4A_418/2024: Die Schutzschrift (Art. 270 ZPO) und das Vorgehen bei einer superprovisorischen Anordnung einer vorsorglichen Massnahme

Im zur amtlichen Pub­lika­tion vorge­se­henen Urteil 4A_418/2024 vom 20. Dezem­ber 2024 zeigte das Bun­des­gericht die erforder­lichen gerichtlichen Ver­fahren­shand­lun­gen bei einem Gesuch um super­pro­vi­sorische Anord­nung ein­er vor­sor­glichen Mass­nahme auf, wenn eine Schutzschrift nach Art. 270 ZPO hin­ter­legt wurde. Das im konkreten Fall zuständi­ge Bun­despatent­gericht wies ein Mass­nah­me­begehren ab. Das Bun­despatent­gericht erwog, gestützt auf die Aus­führun­gen in der Schutzschrift, dass eine Ver­let­zung des der Gesuch­stel­lerin zuste­hen­den Anspruchs nicht glaub­haft gemacht sei. Die Schutzschrift stellte das Bun­despatent­gericht der Gesuch­stel­lerin erst mit dem abweisenden Entscheid zu, worin die Gesuch­stel­lerin eine Ver­let­zung des rechtlichen Gehörs erblickte.

Wesentliche Erwägungen

Das Bun­des­gericht gibt in diesem Entscheid einen «Fahrplan» vor, mit dem das auch im Mass­nah­mev­er­fahren gel­tende unbe­d­ingte Rep­likrecht (E. 4.1) gewahrt wer­den kann:

Wenn eine Schutzschrift hin­ter­legt und ein super­pro­vi­sorisches Mass­nah­mege­such gestellt wor­den sei, müsse das Gericht in einem ersten Schritt anhand dieser bei­den Eingaben über das Super­pro­vi­so­ri­um entschei­den, ohne dass es zuvor die Eingaben der jew­eili­gen Gegen­partei zuzustellen habe (E. 4.5).

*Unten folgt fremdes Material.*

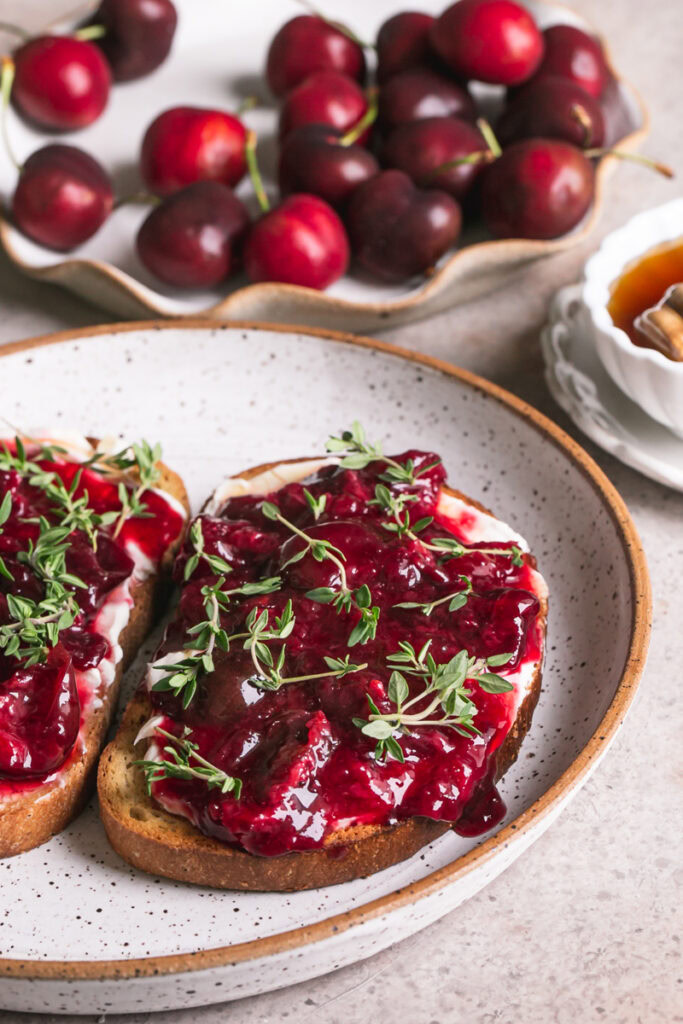 a close up 3/4 shot of two slices of toast with dairy-free cream cheese, roasted cherries, fresh thyme on a plate with a plate of fresh cherries in the background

Der zweite Schritt hängt gemäss dem Bun­des­gericht davon ab, ob das Gericht eine Mass­nahme super­pro­vi­sorisch ver­fügt oder nicht.

Ist das Gesuch offen­sichtlich unzuläs­sig oder offen­sichtlich unbe­grün­det, ohne dass das Gericht die Schutzschrift zu kon­sul­tieren brauche, könne es das Gesuch ablehnen (Art. 253 ZPO). Sobald die Ablehnung des Super­pro­vi­so­ri­ums jedoch gestützt auf die Schutzschrift erfol­gt, müsse das Gericht zum kon­tradik­torischen Ver­fahren überge­hen und prüfen, ob die Mass­nah­men, wenn nicht super­pro­vi­sorisch, immer­hin vor­sor­glich ange­ord­net wer­den könne. Die Schutzschrift allein dürfe aber keine Basis für eine sofor­tige Abweisung des gesamten Mass­nah­me­begehrens sein. Das Gericht müsse der Gesuchs­geg­ner­in die Möglichkeit geben, zum Gesuch Stel­lung zu nehmen – die Schutzschrift erset­ze diese Stel­lun­gahme nicht. Aus prak­tis­chen Grün­den empfehle es sich, die Schutzschrift erst zusam­men mit der Stel­lung­nahme der Gesuchs­geg­ner­in an die Gesuch­stel­lerin zu senden, die dann ihrer­seits ihr Rep­likrecht ausüben könne (zum Ganzen E. 4.5.1).

Ver­fügt das Gericht trotz der Vor­brin­gen in der Schutzschrift die anbegehrte Mass­nahme super­pro­vi­sorisch, könne der Gesuch­stel­lerin die Schutzschrift mit dem Entscheid zugestellt wer­den, da diese auf­grund der Gutheis­sung des Gesuchs nicht belastet ist. Die Schutzschrift erset­ze aber die in Art. 265 Abs. 2 ZPO vorgeschriebene Stel­lung­nahme nicht. Das Gericht habe daher bei der Anord­nung der super­pro­vi­sorischen Mass­nahme gle­ichzeit­ig zu ein­er unverzüglichen Ver­hand­lung zu laden oder die Gesuchs­geg­ner­in zur schriftlichen Stel­lung­nahme aufzu­fordern (zum Ganzen E. 4.5.2).

Conclusio

Da das Bun­despatent­gericht das gesamte Mass­nah­me­begehren abgewiesen hat­te, ohne dass sich die Gesuch­stel­lerin zur Schutzschrift äussern kön­nte, hat sie deren Anspruch auf rechtlich­es Gehör ver­let­zt (E. 4.6), weshalb der Entscheid ungeachtet der Erfol­gsaus­sicht­en in der Sache selb­st aufge­hoben wurde (E. 4.7).